Pamuk, também um crítico das tragédias desse capitalismo contemporâneo,
abatido, transpira aqui ilusionismo. Na Turquia, no Brasil e em qualquer que
seja outro lugar da periferia subdesenvolvida fervilharão desgraças, fome e
mais desigualdades após a destruição pandêmica por sobre nova crise
sistêmica. Ou basta Pamuk mirar o que ocorre – e ocorrerá - nos EUA!
Mais certeira é a metáfora de Almeida, ao grafar no ‘oferecimento’ e abertura
de seu livro: “(...) somos uma sociedade que sabe onde é a casa da peste, o
grande lugar dos horrores cívicos” (p. 29). Ou bem porque “A doença de um
indivíduo rico nunca poderá ser considerada idêntica como a de um pobre” (p.
85).
Ora, não há como desencarcerar os “horrores cívicos” de sociedades da
história dum tempo de morte. E esquecer que essa história pode se repetir:
uma vez como tragédia, outra como farsa (Marx).
NOTAS
[1] Ver: “Alagoas nos tempos de cólera”, Luiz Sávio de Almeida, Maceió, CBA,
2018, pp, 32-3, 2ª edição. Estudo percuciente e meticuloso de história,
socióloga e antropologia, as 395 notas albergam pesquisas de inúmeras fontes
primárias e regionais, além de bibliografia clássica (Marx, Ladurie, Le Goff,
Heller). O elogioso Prefácio (1ª edição) é de Manuel Correa de Andrade.

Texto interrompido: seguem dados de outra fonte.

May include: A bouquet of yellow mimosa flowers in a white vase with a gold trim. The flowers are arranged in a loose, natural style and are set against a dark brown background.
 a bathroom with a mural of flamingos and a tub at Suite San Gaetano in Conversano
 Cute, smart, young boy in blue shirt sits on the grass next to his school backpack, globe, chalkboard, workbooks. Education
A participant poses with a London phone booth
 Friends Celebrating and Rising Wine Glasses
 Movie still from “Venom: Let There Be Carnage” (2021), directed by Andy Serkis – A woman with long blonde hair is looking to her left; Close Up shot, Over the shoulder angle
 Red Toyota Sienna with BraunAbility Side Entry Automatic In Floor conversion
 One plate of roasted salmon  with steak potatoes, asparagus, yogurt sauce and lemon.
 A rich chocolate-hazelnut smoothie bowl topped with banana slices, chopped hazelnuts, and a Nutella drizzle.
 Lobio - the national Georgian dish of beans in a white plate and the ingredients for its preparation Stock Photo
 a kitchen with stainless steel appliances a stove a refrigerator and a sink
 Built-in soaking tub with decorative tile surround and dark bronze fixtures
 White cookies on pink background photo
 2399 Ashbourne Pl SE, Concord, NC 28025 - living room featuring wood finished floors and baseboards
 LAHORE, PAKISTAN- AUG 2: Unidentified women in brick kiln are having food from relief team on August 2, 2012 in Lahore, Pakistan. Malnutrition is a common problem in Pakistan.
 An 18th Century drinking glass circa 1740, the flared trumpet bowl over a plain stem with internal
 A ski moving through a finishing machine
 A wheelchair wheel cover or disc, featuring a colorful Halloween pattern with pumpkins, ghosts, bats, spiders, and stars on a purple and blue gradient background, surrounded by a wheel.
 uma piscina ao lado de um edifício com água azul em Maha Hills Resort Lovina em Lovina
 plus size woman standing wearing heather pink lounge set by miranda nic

[2] Ver: “A história e a previsão do futuro”, E. Hobsbawm, em: “Sobre História”,
São Paulo, Companhia das Bolso, 2014, pp. 62-66.
[3] Ver: “Aristóteles”, São Paulo, Nova Cutural, 199, p. 17-20.
[4] Rio de Janeiro, Record, 2010, 12ª edição; Prêmio Pulitzer.
[5] Sabe-se que atual pandemia do Coronavírus 19 teve origem na cidade de
Wuhan, na China cujo governo, até agora, não refuta a possibilidade da
transmissão da virose através de animais selvagens (morcegos etc.).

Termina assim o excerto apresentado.